- _Information shown_
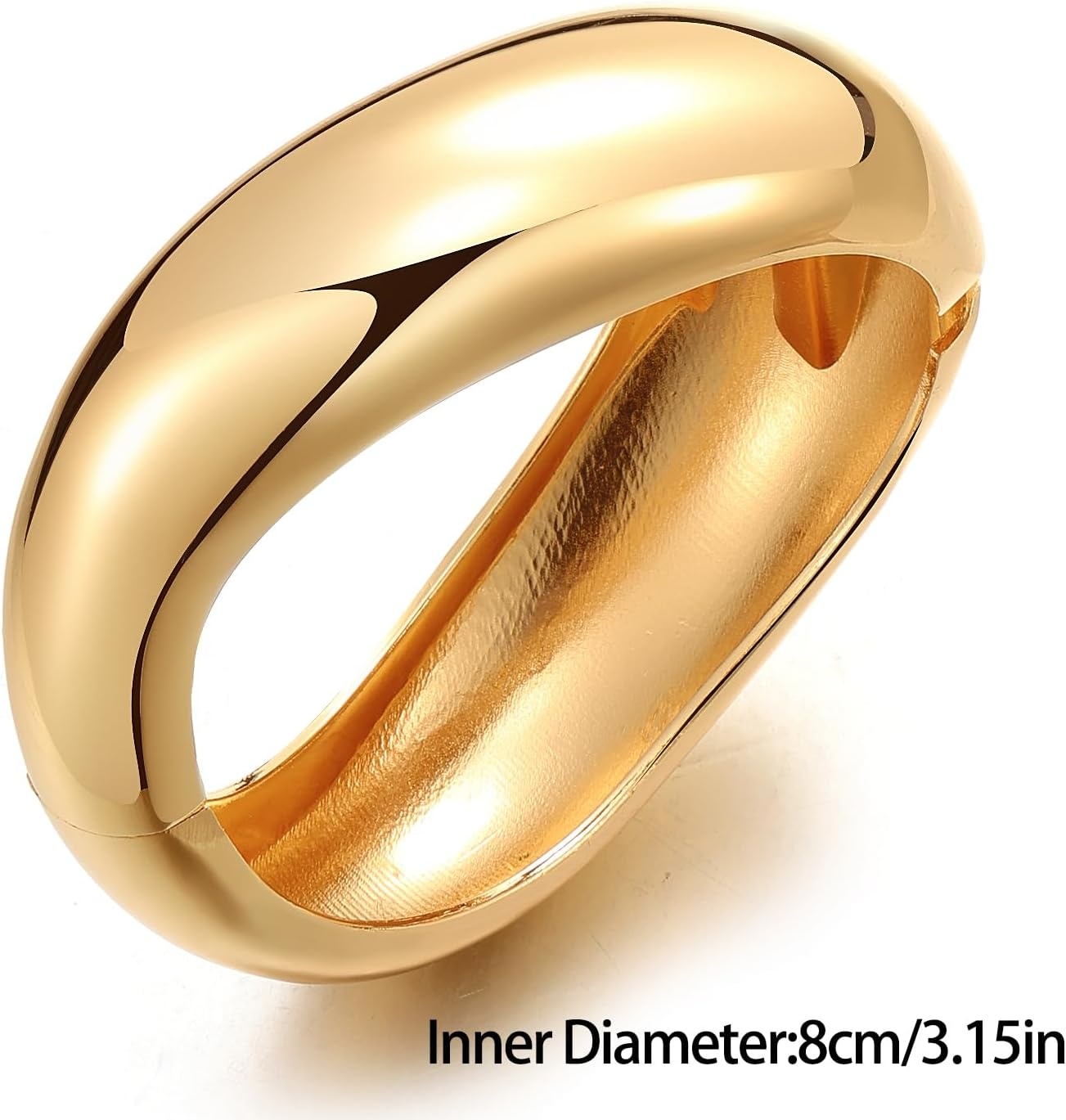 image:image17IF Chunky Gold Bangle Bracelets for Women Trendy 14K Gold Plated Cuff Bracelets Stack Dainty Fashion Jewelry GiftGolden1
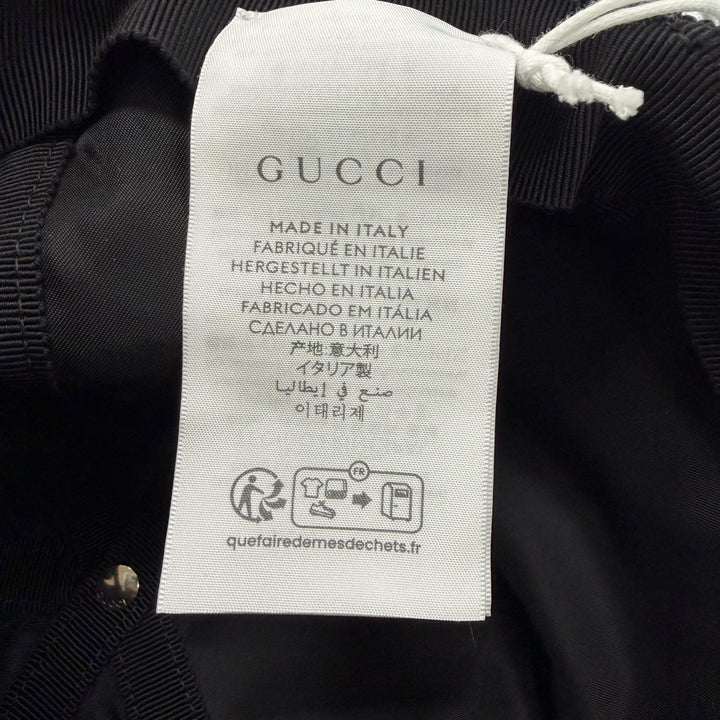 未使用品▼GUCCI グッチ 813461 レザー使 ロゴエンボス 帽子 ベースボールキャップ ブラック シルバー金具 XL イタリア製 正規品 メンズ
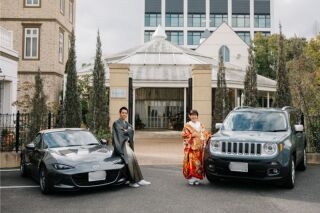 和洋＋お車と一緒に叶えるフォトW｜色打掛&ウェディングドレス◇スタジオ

- _What you have to do_
Copy exactly the lines from the line holding "未使用品▼GUCCI グッチ 813461" to the final line of the listing, and leave the pictures out.

- _Answer to this exercise_
 未使用品▼GUCCI グッチ 813461 レザー使 ロゴエンボス 帽子 ベースボールキャップ ブラック シルバー金具 XL イタリア製 正規品 メンズ
 和洋＋お車と一緒に叶えるフォトW｜色打掛&ウェディングドレス◇スタジオ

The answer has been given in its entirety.